O ministro Alexandre de Moraes, do Supremo Tribunal Federal (STF), rejeitou na última terça-feira (13) um novo recurso da defesa do ex-presidente Jair Bolsonaro, que tentava reverter a dura pena de 27 anos e três meses de prisão imposta a ele pelo tribunal por sua suposta liderança em uma tentativa de golpe de Estado. Essa decisão marca mais um capítulo da conturbada trajetória judicial de Bolsonaro, que enfrenta sérias acusações desde os eventos de 8 de janeiro de 2023, quando seus apoiadores invadiram e depredaram as sedes dos Três Poderes da República.

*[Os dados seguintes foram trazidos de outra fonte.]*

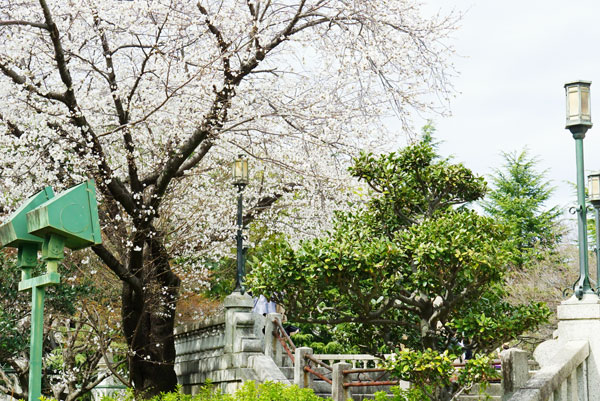 鶴舞公園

O novo agravo foi protocolado pelos advogados do ex-presidente no dia anterior, e visava levar o caso à discussão no plenário do STF. A defesa argumentou que o Regimento Interno do Supremo não estabelece um quórum mínimo necessário para o julgamento de recursos apresentados por turmas. Na visão dos defensores, a limitação de acesso ao plenário corresponde a uma violação dos direitos humanos, argumentando que Bolsonaro deveria ter o direito de apelar a instâncias superiores.

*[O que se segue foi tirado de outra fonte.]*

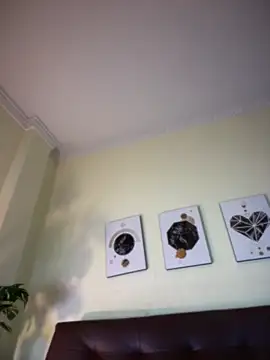 Preview of peachryder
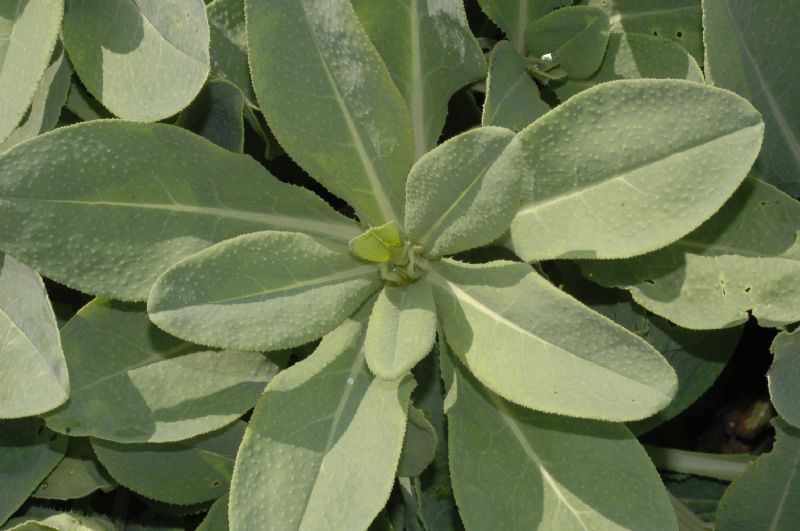 Boraginaceae Caccinia macranthera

A condenação de Bolsonaro pela Primeira Turma do Supremo ocorreu em setembro, e desde então a defesa tentou reverter a decisão através de embargos infringentes, uma ferramenta que permite contestar sentenças com base em votos divergentes, sendo que neste caso o único voto favorável foi do ministro Luiz Fux, que pleiteou pela absolvição do ex-presidente.

Entretanto, Moraes não deu prosseguimento a esse recurso, justificando que a jurisprudência do STF, ao menos desde 2017, exige um mínimo de dois votos divergentes para que embargos como esses sejam aceitos. A defesa argumentou que essa exigência não está clara no Regimento e contestou a decisão de Moraes como uma violação do direito ao “duplo grau de jurisdição”.

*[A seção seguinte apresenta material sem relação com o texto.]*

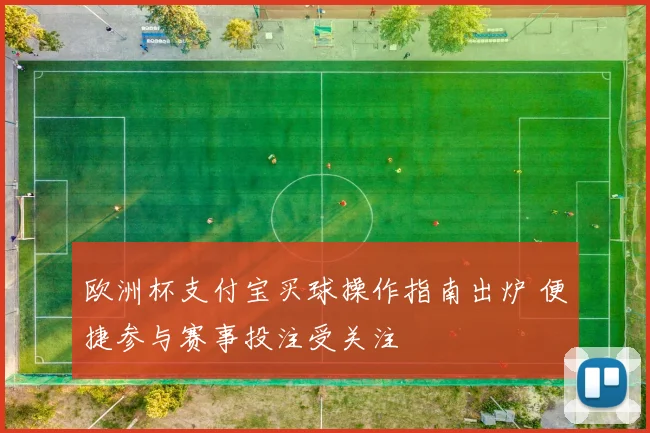 欧洲杯支付宝买球操作指南出炉 便捷参与赛事投注受关注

Na mesma decisão, Moraes adiantou que não se pronunciaria sobre o mérito da argumentação, afirmando que o recurso era “juridicamente inconcebível” após o trânsito em julgado da condenação. Atualmente, Bolsonaro cumpre pena em uma sala especial nas dependências da Polícia Federal em Brasília. Ele já conseguiu autorização para tratamentos médicos, incluindo uma cirurgia de hérnia, mas pedidos para que cumprisse a pena em casa, baseados em condições de saúde, foram sistematicamente negados. Bolsonaro enfrenta um total de cinco crimes relacionados aos atos de janeiro, destacando-se a liderança de organização criminosa armada e a tentativa de golpe, expressando um claro desafio à ordem democrática do país.